Political science professor Abdulkader Sinno is one of the 21 selected Carnegie Scholars of 2009 and will receive about $100,000.

The 2009 scholars were selected for their research on topics of Islam and Muslims, according to the Carnegie Web page.

On his Web site, Sinno said he will not be teaching during the 2009-10 school year, as he will be on research leave.

IU spokesman Steve Hinnefeld said that Sinno is pleased and enthusiastic about the announcement.

“This is an important and urgent topic because the relationship between Muslim minorities and their governments in the West is problematic on many levels,” Sinno said in an e-mail.

Sinno will be focusing on Muslim submersion into other cultures and representation into Western and European Parliament.

“How do you address such fears on both sides?” Sinno said. “How do you avoid future problems? One of the best solutions is to have the disagreements discussed in the parliaments of Western countries instead of having them translate into conflict in the streets. For that you need effective Muslim parliamentarians.”

Sinno was born into his own civil conflict.

“I grew up in Lebanon’s bloody civil war, which made me very interested in studying conflicts and how to solve them before they cause devastation,” Sinno said.

Sinno emigrated to the United States when he was 18, a year before the war ended in 1991, which left more than 100,000 permanently disabled and about 900,000 displaced from a nation the size of Connecticut.

The money awarded to Sinno through Carnegie Corporation will be used to fund travel and research surveys and experiments as well as cover travel expenses to and from interviews.
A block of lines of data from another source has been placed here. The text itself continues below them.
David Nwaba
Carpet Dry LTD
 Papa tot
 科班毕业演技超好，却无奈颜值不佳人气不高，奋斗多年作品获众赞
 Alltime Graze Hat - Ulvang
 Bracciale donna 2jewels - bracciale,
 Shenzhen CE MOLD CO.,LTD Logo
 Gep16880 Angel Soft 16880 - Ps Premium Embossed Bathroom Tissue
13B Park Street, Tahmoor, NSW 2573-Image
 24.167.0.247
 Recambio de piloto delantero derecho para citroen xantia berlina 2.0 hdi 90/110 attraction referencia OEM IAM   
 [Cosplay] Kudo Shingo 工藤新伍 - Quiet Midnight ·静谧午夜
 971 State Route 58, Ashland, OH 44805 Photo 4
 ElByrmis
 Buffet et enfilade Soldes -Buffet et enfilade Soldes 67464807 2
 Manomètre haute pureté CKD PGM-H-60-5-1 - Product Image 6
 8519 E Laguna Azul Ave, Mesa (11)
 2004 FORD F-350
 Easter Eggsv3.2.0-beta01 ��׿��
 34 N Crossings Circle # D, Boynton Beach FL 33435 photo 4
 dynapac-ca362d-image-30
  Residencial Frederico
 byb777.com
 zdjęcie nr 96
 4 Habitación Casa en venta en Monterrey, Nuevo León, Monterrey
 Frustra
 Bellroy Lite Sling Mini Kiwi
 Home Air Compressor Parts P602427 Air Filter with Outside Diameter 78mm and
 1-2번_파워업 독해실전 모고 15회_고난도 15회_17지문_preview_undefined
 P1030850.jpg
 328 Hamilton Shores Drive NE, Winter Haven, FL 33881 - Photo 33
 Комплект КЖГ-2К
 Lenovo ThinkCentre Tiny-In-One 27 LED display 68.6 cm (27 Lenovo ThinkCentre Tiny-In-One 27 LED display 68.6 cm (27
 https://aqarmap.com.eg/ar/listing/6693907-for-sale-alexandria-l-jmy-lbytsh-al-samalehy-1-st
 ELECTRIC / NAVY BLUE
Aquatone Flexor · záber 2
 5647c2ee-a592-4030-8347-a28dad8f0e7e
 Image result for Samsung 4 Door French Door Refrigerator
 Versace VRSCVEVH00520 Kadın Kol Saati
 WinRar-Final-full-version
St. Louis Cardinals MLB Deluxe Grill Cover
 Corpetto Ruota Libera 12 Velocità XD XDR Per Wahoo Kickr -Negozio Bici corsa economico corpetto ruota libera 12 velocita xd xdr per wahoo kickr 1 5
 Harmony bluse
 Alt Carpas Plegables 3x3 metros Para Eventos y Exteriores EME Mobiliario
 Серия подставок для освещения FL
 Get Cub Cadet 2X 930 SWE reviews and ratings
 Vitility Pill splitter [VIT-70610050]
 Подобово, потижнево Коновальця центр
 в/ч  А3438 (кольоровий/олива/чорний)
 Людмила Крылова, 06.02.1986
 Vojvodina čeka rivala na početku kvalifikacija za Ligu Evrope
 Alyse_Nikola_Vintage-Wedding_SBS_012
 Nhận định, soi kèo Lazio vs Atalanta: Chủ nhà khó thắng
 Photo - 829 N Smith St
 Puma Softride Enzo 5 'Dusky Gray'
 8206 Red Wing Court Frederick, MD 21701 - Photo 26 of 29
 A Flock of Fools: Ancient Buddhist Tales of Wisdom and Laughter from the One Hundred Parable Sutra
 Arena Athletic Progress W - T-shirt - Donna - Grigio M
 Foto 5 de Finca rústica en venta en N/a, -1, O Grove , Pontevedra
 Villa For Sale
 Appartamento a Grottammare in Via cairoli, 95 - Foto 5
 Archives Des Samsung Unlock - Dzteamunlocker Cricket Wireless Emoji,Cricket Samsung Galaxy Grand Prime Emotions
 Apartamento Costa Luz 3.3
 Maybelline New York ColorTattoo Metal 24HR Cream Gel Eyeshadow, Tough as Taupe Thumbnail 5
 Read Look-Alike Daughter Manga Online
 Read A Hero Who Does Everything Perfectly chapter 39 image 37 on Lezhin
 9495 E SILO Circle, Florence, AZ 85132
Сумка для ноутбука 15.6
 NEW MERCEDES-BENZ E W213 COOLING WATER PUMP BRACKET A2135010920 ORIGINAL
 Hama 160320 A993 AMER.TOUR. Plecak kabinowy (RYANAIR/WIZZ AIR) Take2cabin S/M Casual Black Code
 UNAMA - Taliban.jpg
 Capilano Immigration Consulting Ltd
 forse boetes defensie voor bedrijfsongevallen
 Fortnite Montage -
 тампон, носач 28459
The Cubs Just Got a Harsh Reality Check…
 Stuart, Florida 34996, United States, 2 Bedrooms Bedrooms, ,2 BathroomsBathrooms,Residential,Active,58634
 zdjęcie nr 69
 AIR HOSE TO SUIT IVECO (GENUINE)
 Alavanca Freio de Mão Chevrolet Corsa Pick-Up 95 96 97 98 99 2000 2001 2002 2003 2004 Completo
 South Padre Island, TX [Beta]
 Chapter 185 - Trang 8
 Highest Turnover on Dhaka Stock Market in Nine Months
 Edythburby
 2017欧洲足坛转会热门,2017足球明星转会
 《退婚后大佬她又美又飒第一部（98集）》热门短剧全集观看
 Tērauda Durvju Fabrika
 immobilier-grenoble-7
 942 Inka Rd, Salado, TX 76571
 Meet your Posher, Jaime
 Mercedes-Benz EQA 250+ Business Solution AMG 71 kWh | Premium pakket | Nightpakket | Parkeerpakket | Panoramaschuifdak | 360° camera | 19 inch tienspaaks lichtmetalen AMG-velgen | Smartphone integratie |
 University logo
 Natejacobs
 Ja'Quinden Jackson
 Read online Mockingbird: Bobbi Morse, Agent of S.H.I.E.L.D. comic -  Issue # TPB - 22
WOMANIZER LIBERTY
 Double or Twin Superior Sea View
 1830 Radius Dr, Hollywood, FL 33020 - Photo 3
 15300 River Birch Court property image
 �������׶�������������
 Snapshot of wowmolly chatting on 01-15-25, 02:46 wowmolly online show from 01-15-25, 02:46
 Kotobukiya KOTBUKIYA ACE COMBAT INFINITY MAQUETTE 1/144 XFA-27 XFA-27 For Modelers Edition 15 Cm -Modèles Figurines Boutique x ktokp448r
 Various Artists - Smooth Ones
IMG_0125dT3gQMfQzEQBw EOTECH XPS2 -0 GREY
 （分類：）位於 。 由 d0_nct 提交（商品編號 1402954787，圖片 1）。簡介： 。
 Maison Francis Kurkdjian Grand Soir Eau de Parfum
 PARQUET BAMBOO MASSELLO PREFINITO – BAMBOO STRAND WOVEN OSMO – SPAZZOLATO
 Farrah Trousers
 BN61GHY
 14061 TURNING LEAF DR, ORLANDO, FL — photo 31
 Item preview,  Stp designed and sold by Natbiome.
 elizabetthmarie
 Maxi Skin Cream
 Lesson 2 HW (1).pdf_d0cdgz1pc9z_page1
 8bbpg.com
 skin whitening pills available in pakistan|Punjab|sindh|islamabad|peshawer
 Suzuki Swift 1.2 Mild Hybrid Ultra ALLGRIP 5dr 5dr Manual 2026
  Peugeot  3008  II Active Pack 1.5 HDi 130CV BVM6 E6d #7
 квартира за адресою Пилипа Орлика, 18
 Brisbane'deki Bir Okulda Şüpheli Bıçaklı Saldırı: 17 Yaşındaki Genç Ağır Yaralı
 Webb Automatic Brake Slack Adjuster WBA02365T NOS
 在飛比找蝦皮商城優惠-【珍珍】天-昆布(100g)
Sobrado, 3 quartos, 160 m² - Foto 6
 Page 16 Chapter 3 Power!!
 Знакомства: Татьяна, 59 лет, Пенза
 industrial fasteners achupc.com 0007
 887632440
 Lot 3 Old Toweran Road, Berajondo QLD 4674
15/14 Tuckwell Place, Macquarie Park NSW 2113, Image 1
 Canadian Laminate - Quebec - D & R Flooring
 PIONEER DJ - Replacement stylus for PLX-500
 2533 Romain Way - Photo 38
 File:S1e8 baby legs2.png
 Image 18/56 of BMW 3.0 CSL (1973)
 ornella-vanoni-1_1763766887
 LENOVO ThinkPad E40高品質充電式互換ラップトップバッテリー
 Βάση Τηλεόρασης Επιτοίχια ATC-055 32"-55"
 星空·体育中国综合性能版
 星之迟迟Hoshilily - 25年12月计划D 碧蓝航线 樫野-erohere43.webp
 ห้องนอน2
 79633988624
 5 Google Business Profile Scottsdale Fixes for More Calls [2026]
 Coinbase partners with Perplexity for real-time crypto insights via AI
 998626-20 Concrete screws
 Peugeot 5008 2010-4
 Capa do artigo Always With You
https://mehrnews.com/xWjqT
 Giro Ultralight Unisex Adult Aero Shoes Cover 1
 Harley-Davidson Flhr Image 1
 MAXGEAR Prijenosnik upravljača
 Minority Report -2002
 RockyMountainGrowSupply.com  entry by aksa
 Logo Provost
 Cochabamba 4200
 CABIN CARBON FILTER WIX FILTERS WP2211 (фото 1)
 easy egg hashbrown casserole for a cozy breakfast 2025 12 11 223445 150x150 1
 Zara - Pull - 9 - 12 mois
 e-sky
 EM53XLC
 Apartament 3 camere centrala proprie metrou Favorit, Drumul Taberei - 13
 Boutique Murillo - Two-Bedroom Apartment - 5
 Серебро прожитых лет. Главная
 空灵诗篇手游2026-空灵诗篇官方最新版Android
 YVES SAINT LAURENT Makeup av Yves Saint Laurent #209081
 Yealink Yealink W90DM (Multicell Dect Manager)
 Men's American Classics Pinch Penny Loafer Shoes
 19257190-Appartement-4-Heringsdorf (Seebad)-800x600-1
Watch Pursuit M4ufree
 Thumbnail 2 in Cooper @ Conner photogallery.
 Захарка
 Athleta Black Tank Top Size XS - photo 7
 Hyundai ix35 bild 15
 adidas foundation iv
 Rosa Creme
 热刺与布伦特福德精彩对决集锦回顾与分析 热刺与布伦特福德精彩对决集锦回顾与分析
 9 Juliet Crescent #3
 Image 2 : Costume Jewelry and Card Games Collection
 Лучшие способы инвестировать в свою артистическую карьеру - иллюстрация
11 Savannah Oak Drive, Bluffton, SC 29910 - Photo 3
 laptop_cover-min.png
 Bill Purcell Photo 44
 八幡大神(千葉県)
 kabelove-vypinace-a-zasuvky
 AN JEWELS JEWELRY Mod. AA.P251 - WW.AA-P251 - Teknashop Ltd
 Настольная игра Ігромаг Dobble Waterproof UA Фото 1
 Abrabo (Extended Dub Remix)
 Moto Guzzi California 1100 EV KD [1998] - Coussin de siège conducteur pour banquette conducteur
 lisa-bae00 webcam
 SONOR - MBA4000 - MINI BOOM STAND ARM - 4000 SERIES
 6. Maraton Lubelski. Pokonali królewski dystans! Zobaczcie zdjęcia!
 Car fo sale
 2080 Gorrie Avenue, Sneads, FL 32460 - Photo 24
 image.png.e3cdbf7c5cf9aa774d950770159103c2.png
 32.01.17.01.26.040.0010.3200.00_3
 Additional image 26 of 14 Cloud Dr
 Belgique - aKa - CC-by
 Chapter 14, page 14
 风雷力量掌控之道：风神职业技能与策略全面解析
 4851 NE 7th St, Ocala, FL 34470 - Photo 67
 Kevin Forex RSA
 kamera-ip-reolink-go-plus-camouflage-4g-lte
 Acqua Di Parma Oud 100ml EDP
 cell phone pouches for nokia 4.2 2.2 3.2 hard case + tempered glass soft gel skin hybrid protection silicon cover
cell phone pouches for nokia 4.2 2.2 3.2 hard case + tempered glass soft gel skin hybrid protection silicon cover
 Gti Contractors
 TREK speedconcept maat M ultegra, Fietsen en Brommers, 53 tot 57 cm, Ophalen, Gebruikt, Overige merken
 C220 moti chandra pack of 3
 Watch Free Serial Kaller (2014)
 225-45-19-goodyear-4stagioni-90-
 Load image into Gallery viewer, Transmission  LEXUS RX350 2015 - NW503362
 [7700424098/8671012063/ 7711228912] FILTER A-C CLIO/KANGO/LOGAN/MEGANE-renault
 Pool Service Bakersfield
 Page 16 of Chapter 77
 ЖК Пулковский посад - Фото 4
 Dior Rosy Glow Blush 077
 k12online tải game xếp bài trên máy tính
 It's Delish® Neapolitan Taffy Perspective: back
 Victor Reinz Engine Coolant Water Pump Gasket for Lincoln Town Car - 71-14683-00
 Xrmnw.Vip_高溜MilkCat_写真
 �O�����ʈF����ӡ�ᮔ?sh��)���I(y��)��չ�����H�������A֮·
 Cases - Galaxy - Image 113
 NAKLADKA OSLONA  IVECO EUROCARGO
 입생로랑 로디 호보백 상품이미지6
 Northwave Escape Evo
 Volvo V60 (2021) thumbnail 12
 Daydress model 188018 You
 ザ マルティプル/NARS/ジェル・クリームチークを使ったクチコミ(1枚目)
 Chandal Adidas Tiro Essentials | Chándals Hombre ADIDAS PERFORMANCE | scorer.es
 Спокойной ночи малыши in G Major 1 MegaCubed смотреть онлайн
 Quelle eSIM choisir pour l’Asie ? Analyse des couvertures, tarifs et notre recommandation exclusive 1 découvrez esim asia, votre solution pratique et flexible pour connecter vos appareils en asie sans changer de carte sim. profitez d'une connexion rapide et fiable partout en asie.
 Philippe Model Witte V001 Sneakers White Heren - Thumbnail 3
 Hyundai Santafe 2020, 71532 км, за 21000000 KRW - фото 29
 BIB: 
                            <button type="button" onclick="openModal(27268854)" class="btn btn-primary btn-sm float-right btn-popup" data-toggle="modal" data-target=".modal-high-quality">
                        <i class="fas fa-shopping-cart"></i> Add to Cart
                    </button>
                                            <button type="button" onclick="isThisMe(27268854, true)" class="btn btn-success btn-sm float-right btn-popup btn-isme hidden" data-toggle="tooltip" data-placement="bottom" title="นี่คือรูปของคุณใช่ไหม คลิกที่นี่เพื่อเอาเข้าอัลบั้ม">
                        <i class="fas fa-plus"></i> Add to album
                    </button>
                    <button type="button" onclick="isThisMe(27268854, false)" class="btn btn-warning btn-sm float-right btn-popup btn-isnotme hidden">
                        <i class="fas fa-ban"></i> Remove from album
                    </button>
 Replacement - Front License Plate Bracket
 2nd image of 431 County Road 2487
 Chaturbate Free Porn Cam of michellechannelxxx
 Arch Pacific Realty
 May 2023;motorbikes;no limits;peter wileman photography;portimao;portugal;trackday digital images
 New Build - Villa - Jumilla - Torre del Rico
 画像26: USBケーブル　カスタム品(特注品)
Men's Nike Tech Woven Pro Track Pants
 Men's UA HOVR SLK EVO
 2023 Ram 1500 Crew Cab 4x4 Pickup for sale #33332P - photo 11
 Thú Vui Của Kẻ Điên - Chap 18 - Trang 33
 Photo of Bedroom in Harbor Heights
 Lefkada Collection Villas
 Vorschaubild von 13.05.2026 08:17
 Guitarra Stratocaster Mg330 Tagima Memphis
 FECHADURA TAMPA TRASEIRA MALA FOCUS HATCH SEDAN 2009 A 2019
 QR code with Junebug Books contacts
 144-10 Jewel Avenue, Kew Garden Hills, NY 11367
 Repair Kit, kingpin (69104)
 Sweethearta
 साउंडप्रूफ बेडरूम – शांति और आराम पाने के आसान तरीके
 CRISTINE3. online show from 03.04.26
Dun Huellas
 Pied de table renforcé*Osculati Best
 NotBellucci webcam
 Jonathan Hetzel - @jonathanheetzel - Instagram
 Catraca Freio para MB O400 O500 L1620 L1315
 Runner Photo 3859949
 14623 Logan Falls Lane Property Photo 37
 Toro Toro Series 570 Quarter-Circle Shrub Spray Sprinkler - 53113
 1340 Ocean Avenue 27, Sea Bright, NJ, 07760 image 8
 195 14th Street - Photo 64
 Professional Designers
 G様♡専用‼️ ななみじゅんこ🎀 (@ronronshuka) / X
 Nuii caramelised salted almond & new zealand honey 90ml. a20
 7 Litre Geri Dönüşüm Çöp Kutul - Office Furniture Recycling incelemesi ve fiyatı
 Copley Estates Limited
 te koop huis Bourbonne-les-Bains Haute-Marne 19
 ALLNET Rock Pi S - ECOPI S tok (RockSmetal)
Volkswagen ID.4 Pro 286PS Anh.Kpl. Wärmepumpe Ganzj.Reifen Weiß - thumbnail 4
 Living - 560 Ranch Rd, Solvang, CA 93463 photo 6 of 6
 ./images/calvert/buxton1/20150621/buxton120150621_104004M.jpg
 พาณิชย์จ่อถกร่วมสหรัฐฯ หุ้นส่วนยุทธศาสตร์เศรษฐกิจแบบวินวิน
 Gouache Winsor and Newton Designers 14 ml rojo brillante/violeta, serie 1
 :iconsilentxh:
Author of “Organizations at War in Afghanistan and Beyond” and editor of “Muslims in Western Politics,” Sinno will be forging a new book tentatively titled “Muslims in Western Parliaments.”

Sinno said he attributes timeliness of the situation with great import.

“This is the time to deal with the roots of tension, before it festers,” Sinno said. “If we don’t, countries like France and Belgium that have large numbers of disadvantaged Muslims who are kept on the edge of society could have their own civil wars in a generation or two.” Sinno added he is “hoping for a better outcome.”